§ **EXTRACTED MATERIAL**:

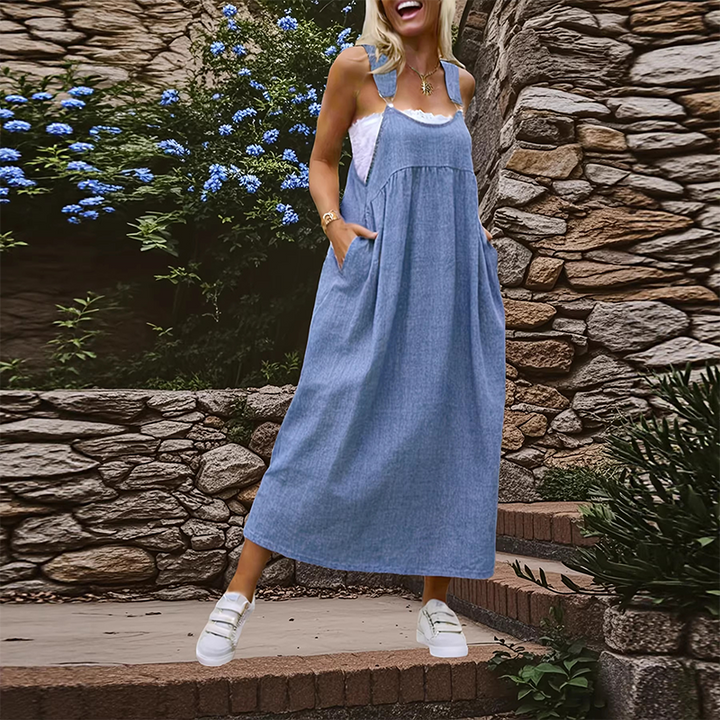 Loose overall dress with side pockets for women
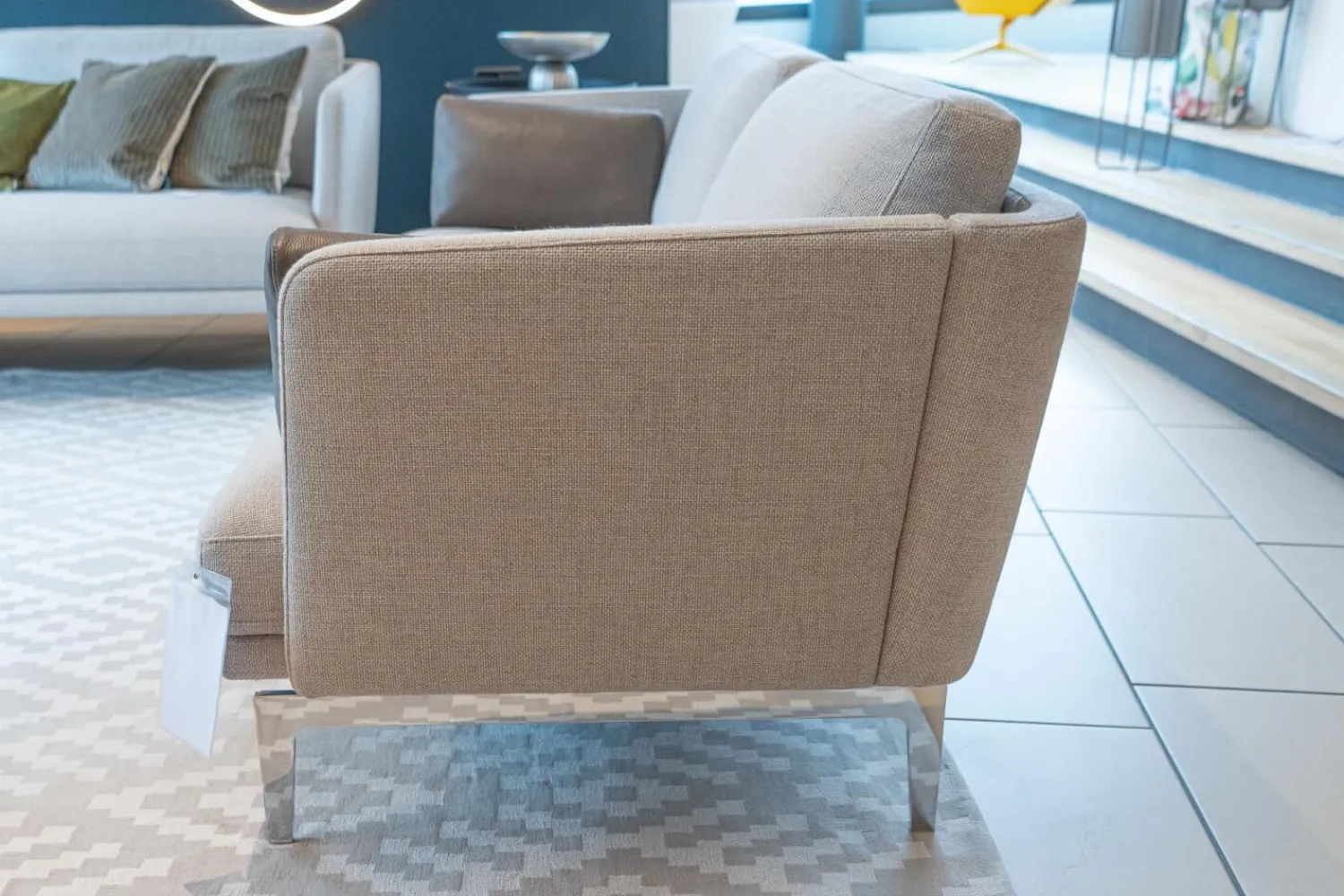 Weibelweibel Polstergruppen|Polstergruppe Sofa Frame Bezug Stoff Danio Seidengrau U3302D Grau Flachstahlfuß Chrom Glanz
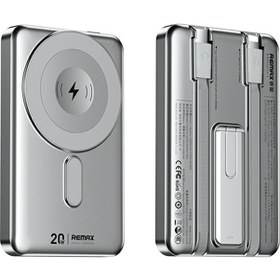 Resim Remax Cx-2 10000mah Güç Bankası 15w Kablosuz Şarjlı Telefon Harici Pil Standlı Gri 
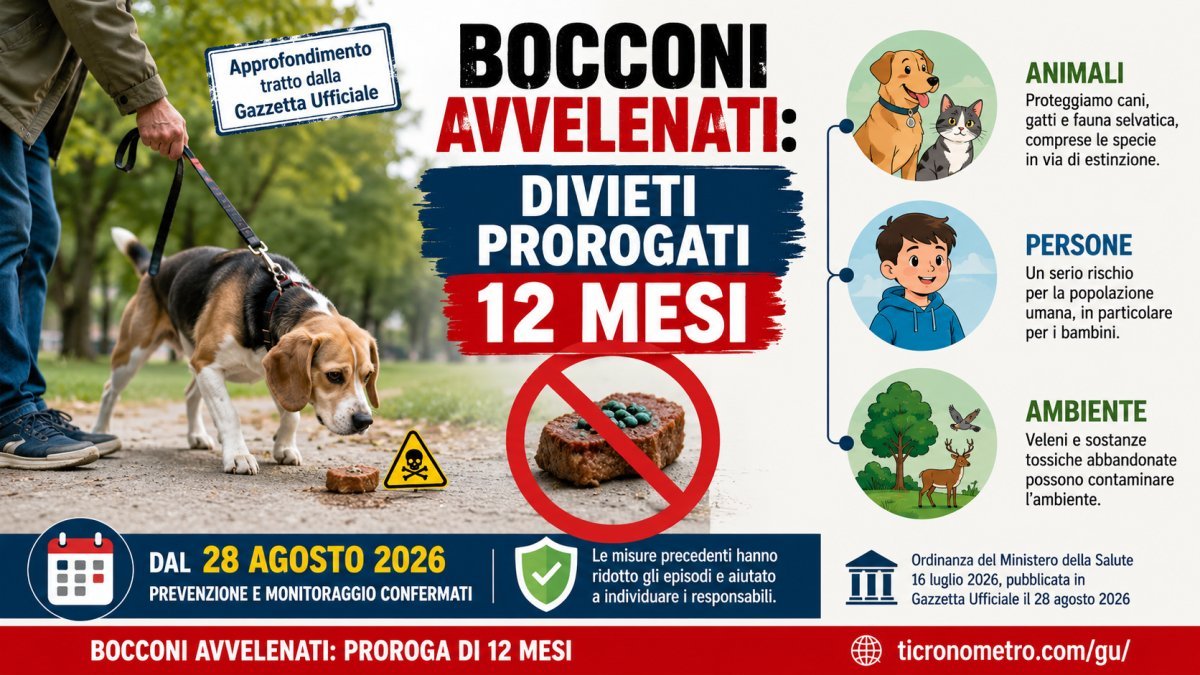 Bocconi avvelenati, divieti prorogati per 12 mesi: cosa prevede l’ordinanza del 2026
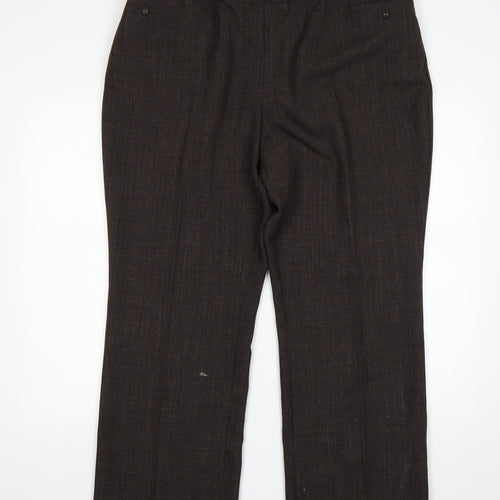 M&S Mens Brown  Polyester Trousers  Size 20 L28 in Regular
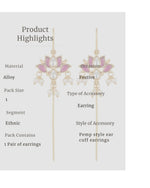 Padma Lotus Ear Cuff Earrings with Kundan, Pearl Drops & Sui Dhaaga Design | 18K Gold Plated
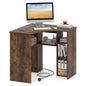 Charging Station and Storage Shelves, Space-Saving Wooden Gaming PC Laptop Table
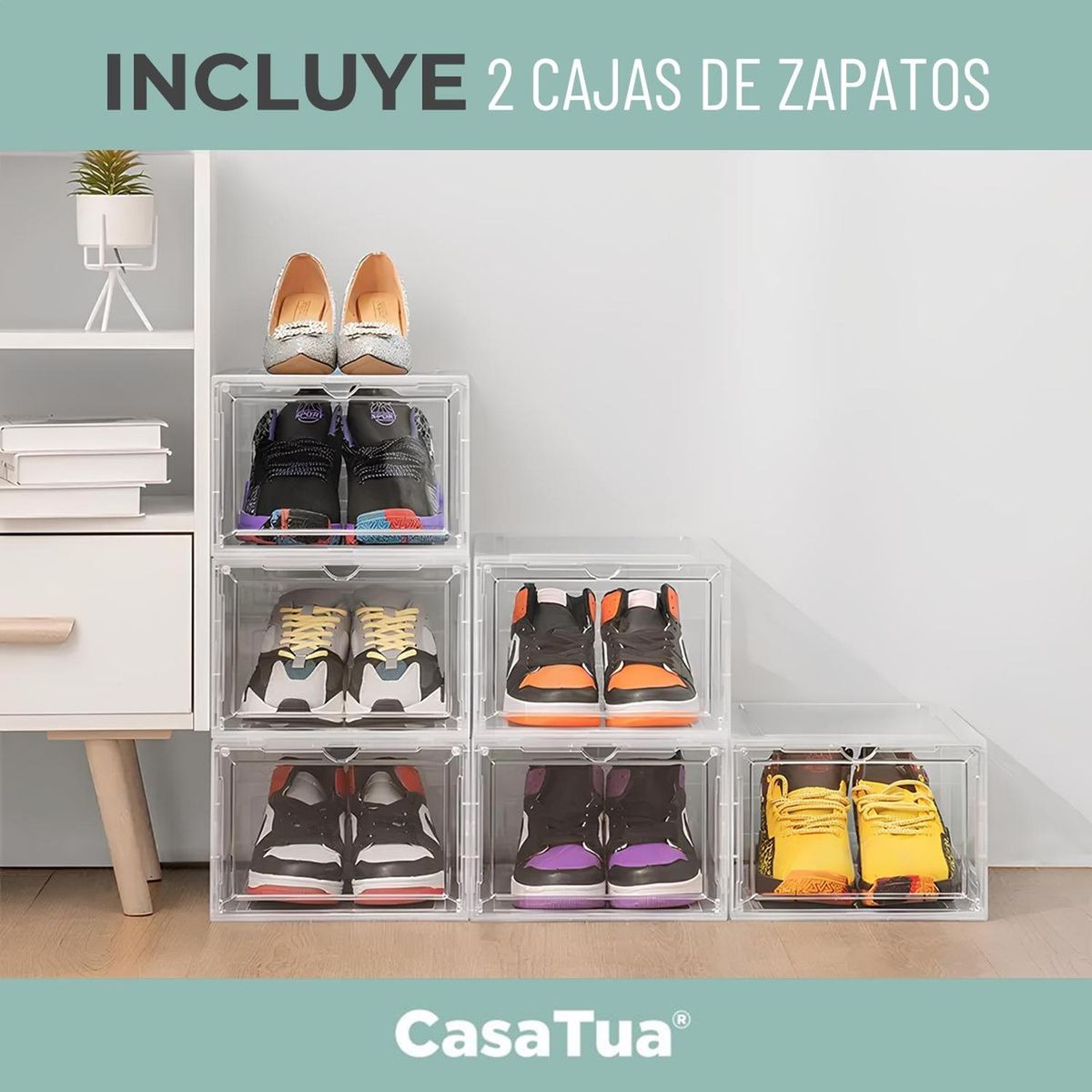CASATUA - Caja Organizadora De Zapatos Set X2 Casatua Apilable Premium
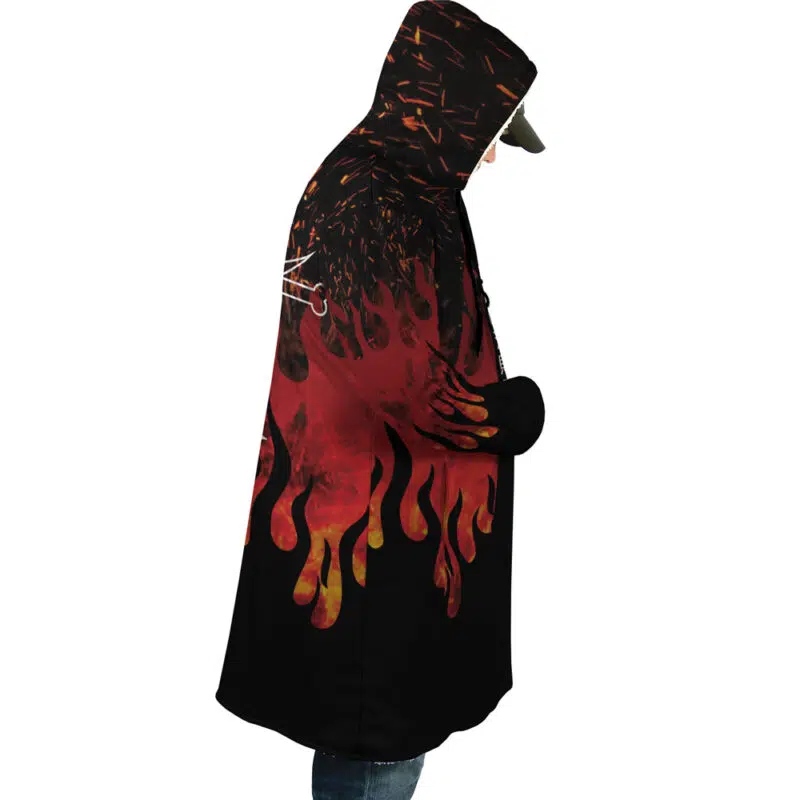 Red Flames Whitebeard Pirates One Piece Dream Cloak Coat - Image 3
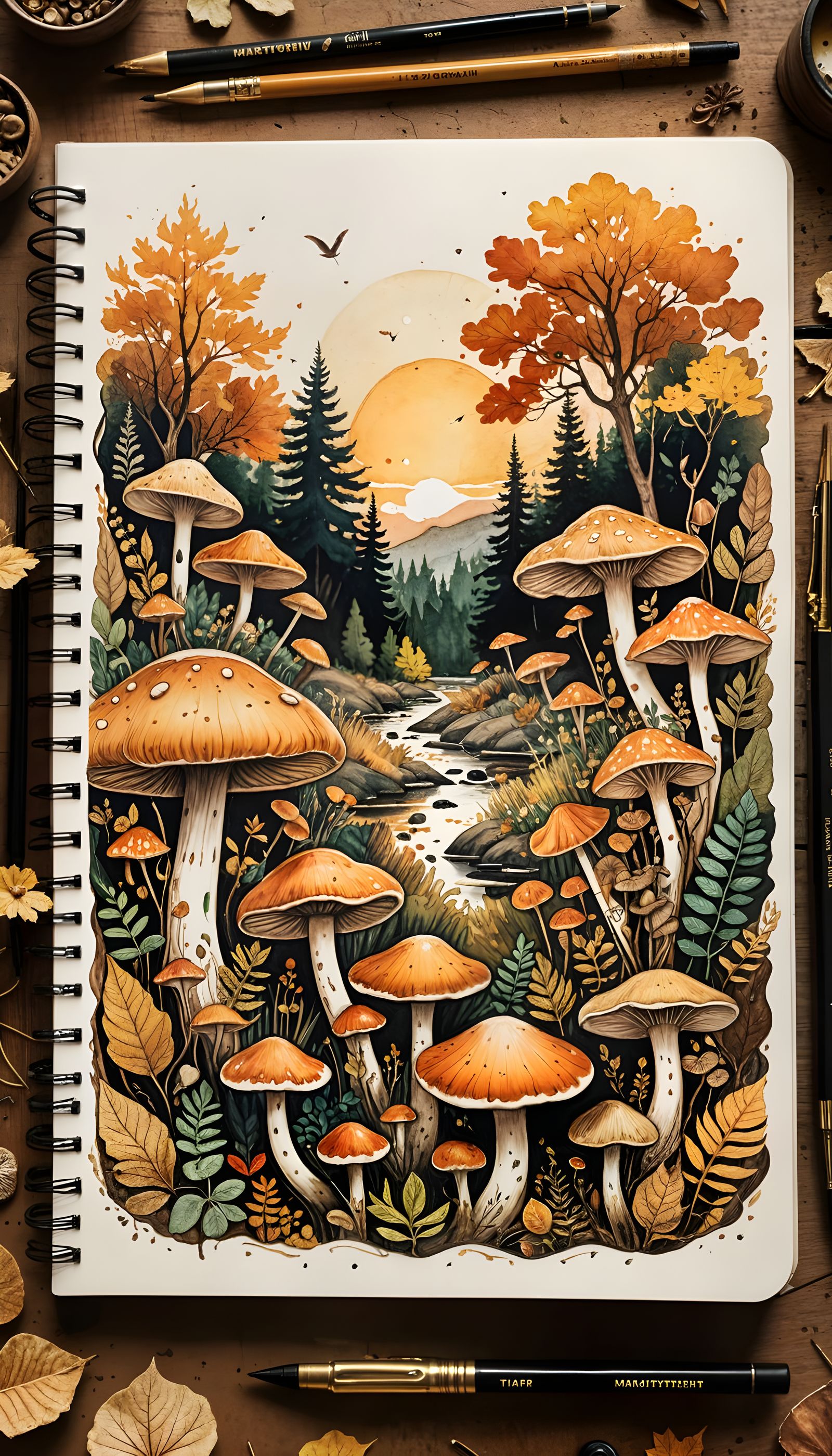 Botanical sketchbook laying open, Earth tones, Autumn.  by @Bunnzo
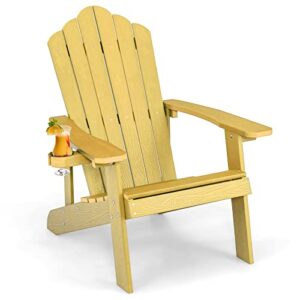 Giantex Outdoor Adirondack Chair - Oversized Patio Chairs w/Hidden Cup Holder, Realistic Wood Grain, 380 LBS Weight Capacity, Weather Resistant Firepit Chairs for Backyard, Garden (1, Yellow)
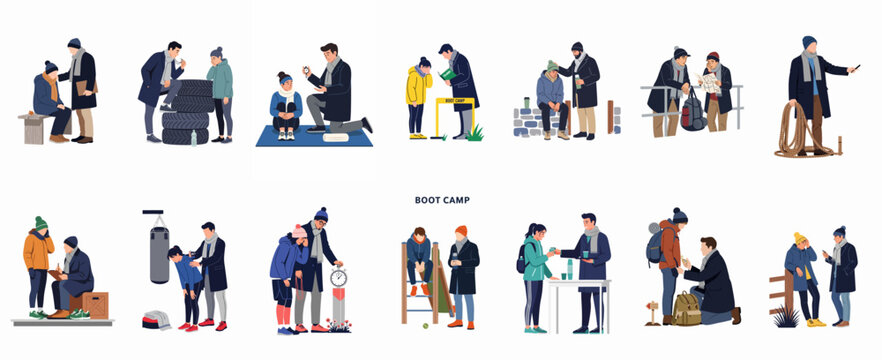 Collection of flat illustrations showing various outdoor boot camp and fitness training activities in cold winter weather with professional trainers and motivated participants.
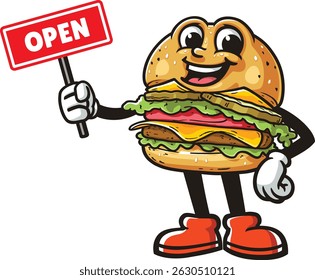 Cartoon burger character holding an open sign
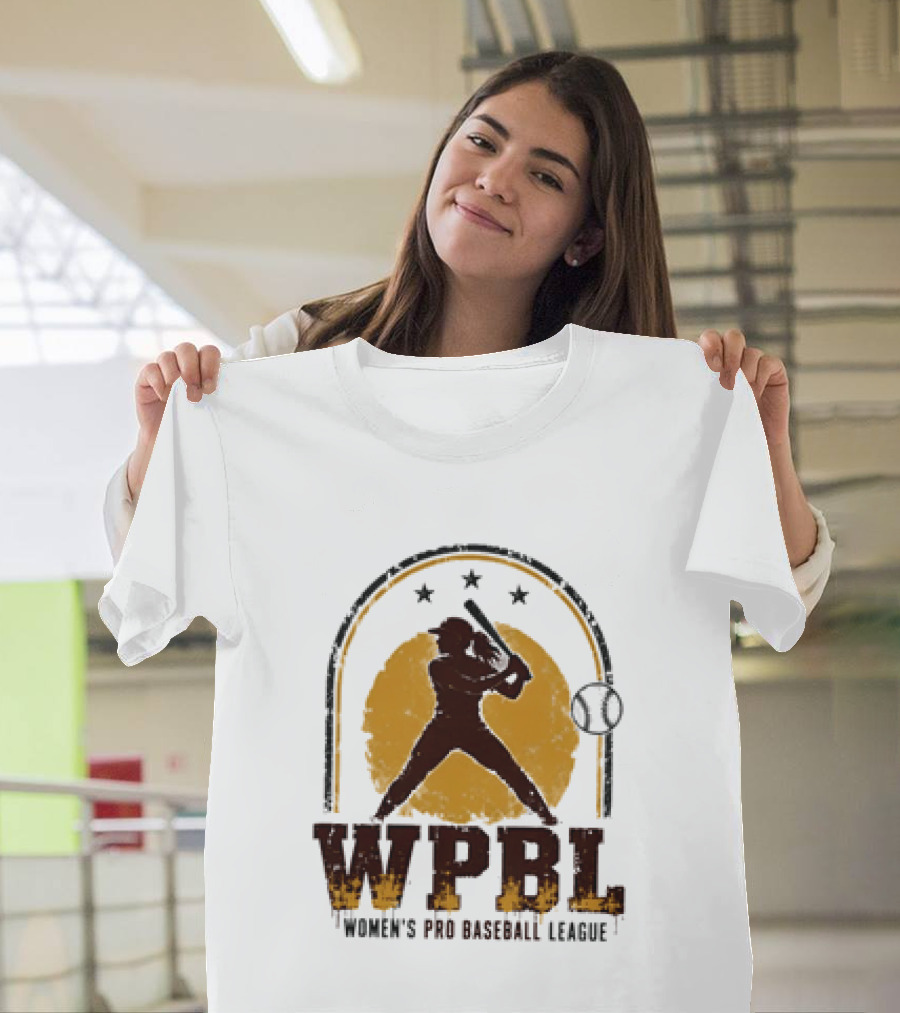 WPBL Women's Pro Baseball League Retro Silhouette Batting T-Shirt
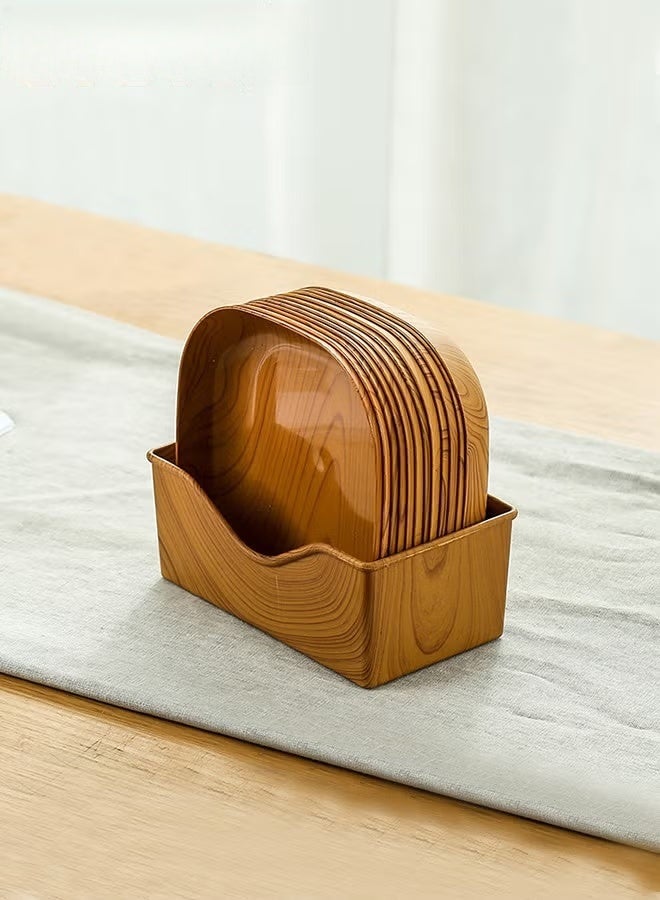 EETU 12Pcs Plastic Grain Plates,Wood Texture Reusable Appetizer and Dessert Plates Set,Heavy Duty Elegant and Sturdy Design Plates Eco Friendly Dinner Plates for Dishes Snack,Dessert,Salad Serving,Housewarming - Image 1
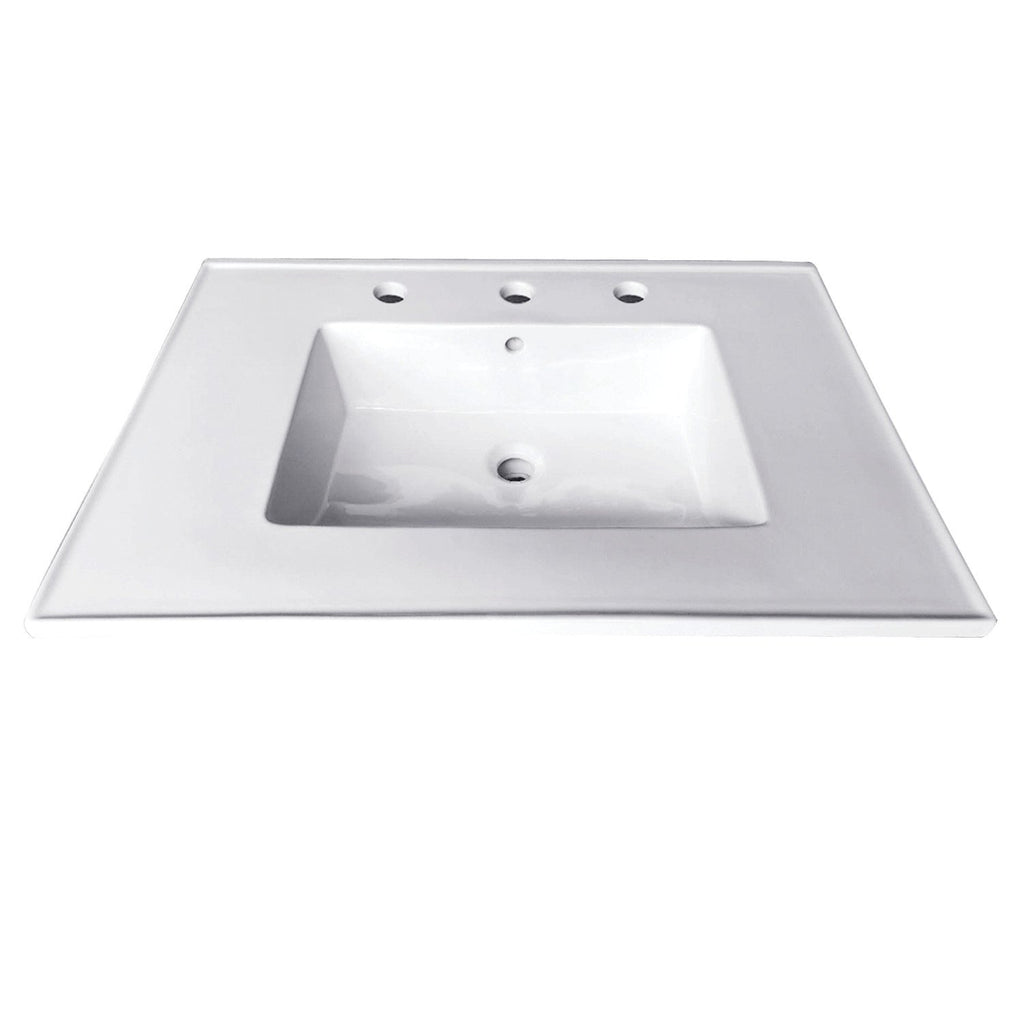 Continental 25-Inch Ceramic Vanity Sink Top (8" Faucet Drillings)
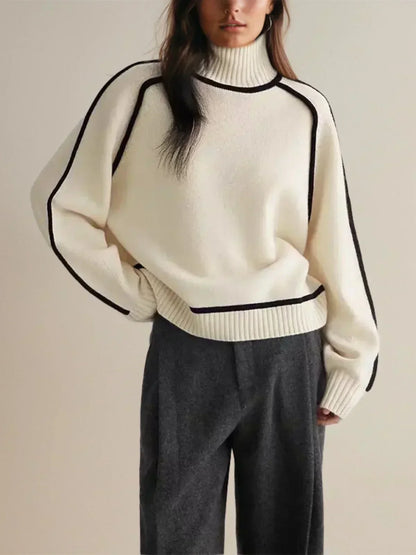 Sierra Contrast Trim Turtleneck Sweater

§ **THE TASK**: Please give the records again word for word, omitting all images.

§ **TASK RESULT**:
 Loose overall dress with side pockets for women
 Weibelweibel Polstergruppen|Polstergruppe Sofa Frame Bezug Stoff Danio Seidengrau U3302D Grau Flachstahlfuß Chrom Glanz
 Resim Remax Cx-2 10000mah Güç Bankası 15w Kablosuz Şarjlı Telefon Harici Pil Standlı Gri 
 Bocconi avvelenati, divieti prorogati per 12 mesi: cosa prevede l’ordinanza del 2026
 M&S Mens Brown  Polyester Trousers  Size 20 L28 in Regular
 Padma Lotus Ear Cuff Earrings with Kundan, Pearl Drops & Sui Dhaaga Design | 18K Gold Plated
 Charging Station and Storage Shelves, Space-Saving Wooden Gaming PC Laptop Table
CASATUA - Caja Organizadora De Zapatos Set X2 Casatua Apilable Premium
 Red Flames Whitebeard Pirates One Piece Dream Cloak Coat - Image 3
 Botanical sketchbook laying open, Earth tones, Autumn.  by @Bunnzo
 Giantex Outdoor Adirondack Chair - Oversized Patio Chairs w/Hidden Cup Holder, Realistic Wood Grain, 380 LBS Weight Capacity, Weather Resistant Firepit Chairs for Backyard, Garden (1, Yellow)
 Collection of flat illustrations showing various outdoor boot camp and fitness training activities in cold winter weather with professional trainers and motivated participants.
 Cartoon burger character holding an open sign
 WPBL Women's Pro Baseball League Retro Silhouette Batting T-Shirt
 EETU 12Pcs Plastic Grain Plates,Wood Texture Reusable Appetizer and Dessert Plates Set,Heavy Duty Elegant and Sturdy Design Plates Eco Friendly Dinner Plates for Dishes Snack,Dessert,Salad Serving,Housewarming - Image 1
 Continental 25-Inch Ceramic Vanity Sink Top (8" Faucet Drillings)
 Sierra Contrast Trim Turtleneck Sweater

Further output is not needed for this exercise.